Complete with his camera and Indiana Jones adventurer hat, Lockwood set off to travel the world and pursue a passion, a task that he thought needed to be done.
“I’m going to [go out and] do it,” Lockwood said of his impending journey.
Many clicks of the camera later, Lockwood has managed to transform the documentation for identification of mushrooms from a mechanical science into his own breed of poetic art. In his travels to the far corners of the world, Lockwood has captured pictures of many terrestrial fungi species that look like typical mushrooms. But some seem like manifestations of the imagination. For example, the crystal white Amanitas of Nigeria resemble fairy castles; the Dictyophora multicolor of Thailand could be extraterrestrial growths; the Cyptotrama asprata of Indonesia recall flaming yellow dust bunnies.
Lockwood’s contribution to the scientific community, however, is questionable. “It’s not scientific documentation and it doesn’t pretend to be,” Hodge said. She went on to explain that although Lockwood has photographically documented many previously unknown species, he does not abide by a scientific process. To work in the vein of science, he would have to collect vouchers — or samples — of his subjects.

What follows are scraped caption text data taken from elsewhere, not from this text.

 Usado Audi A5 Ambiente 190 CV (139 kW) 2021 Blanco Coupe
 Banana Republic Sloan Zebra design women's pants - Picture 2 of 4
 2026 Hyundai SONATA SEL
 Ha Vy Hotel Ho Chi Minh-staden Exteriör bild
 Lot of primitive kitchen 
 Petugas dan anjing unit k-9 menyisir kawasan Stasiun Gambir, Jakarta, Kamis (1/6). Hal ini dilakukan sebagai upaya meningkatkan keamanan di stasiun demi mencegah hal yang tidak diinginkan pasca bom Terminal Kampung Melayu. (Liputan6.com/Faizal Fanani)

There is no reason to criticize Lockwood for his lack of scientific methods — “The highest function of Lockwood’s photos is to stir passion for fungi. The photos are very beautiful and I hope more people see them,” Hodge said.
Yes, these mushrooms are magical. And yes, Lockwood’s pictures are beautiful. But, mushrooms?

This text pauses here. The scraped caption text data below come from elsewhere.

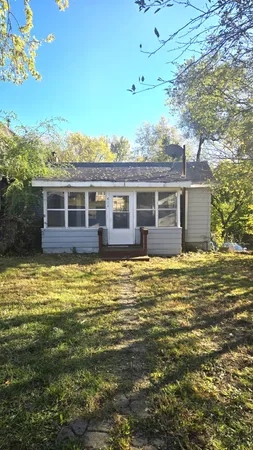 $79,900 | 411 Hinckley Boulevard, Jackson, MI 49203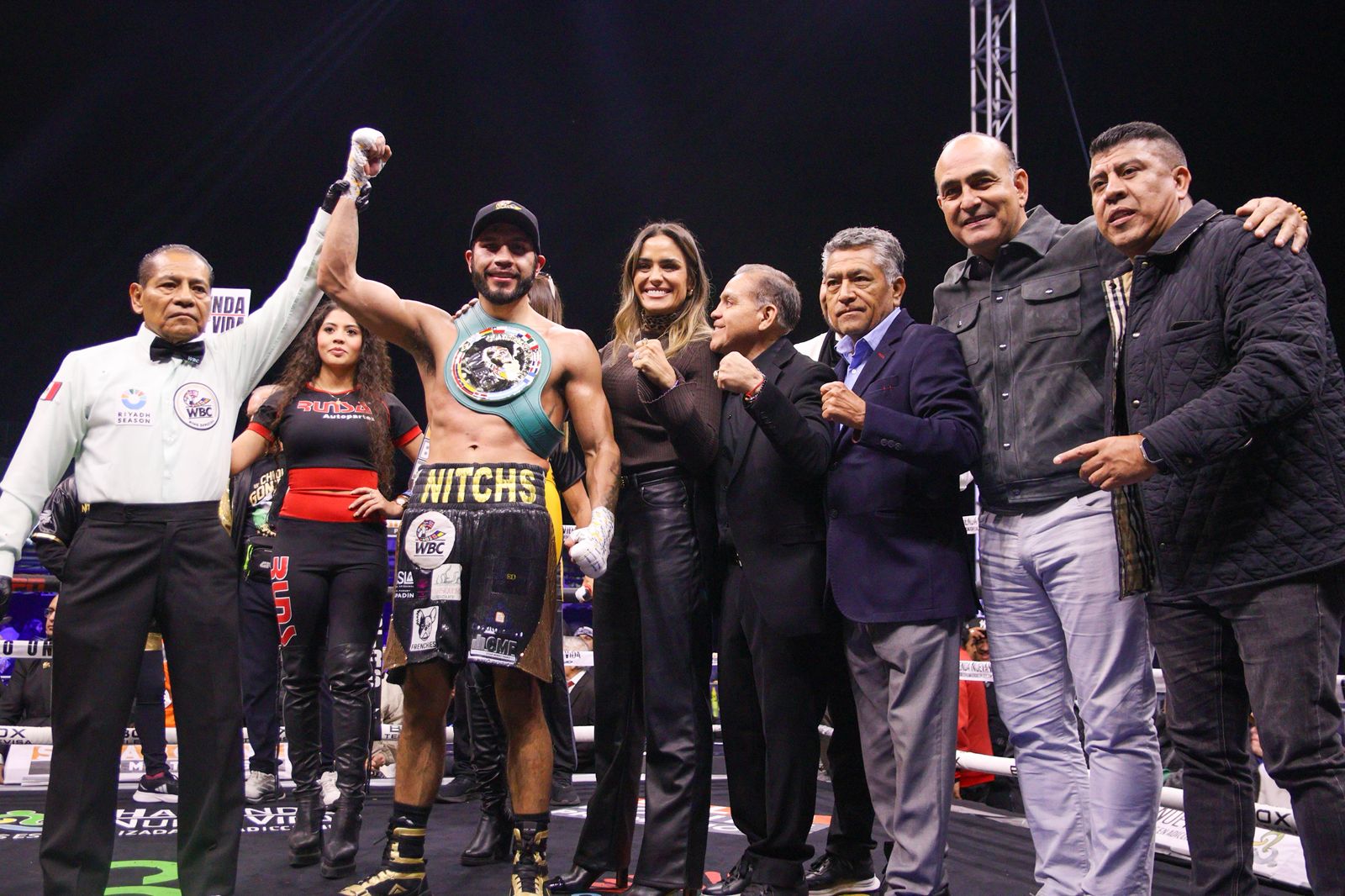 “NITCHS” NUEVO CAMPEÓN CONTINENTAL, VENCE AL “DRAGÓN” EN GRAN PELEA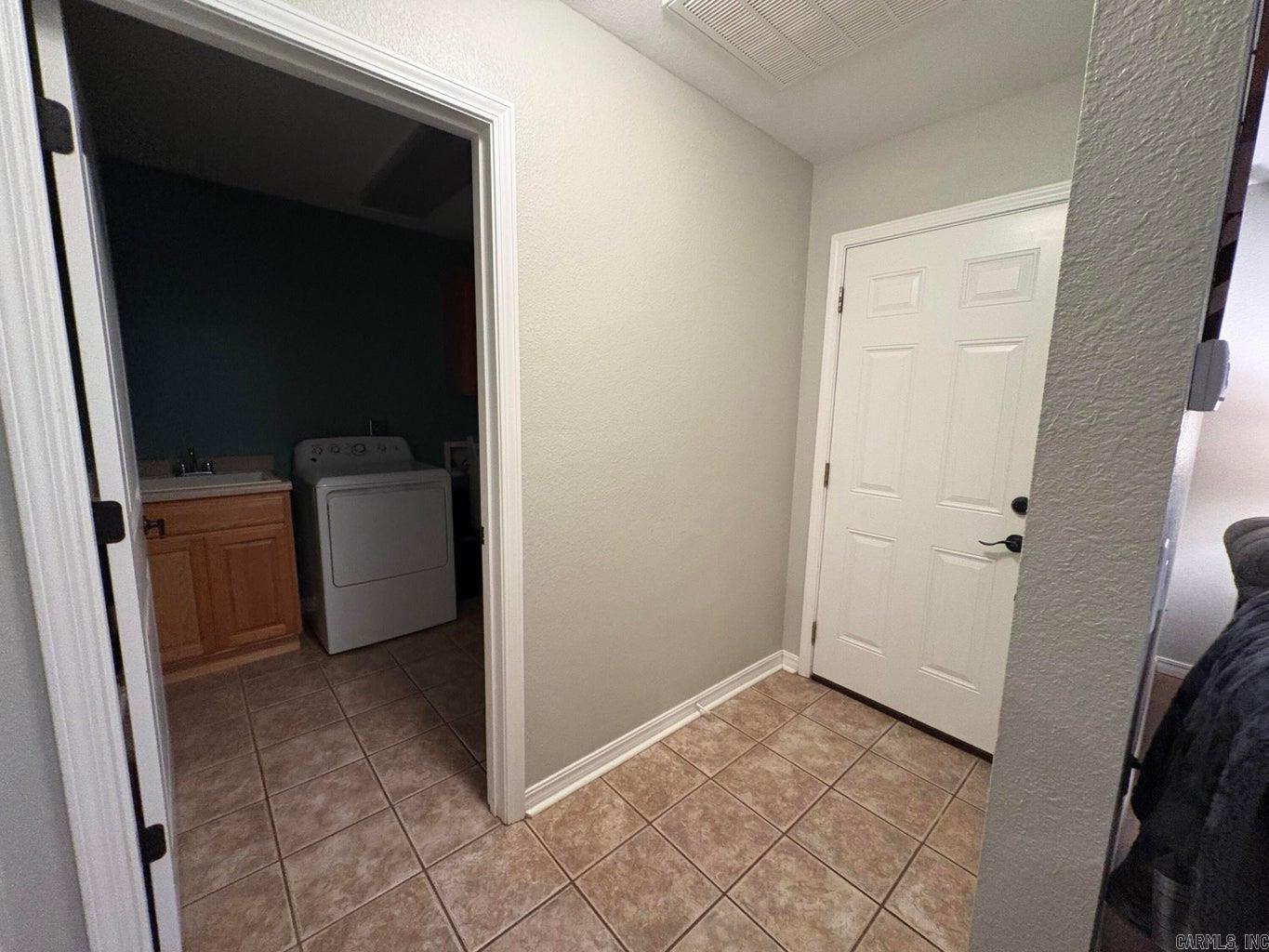 331 S Johnson Street Property Photo 29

“It has something to do with my background,” Lockwood said when asked about his devotion to mushrooms. “I’ve always been into kind of eclectic stuff.” Born into a family of artists in New Orleans, Lockwood grew up playing drums and violin. After becoming “a wild gypsy rocker” in Los Angeles and then moving to northern California, Lockwood mused, “I was ripe for something like [mushrooms]. Something really interesting, artistic and very natural.”
“We found each other,” he said. Lockwood’s passion and drive stems from an appreciation of the fungi kingdom, but also — if not more so — from his desire and dreams of artistry.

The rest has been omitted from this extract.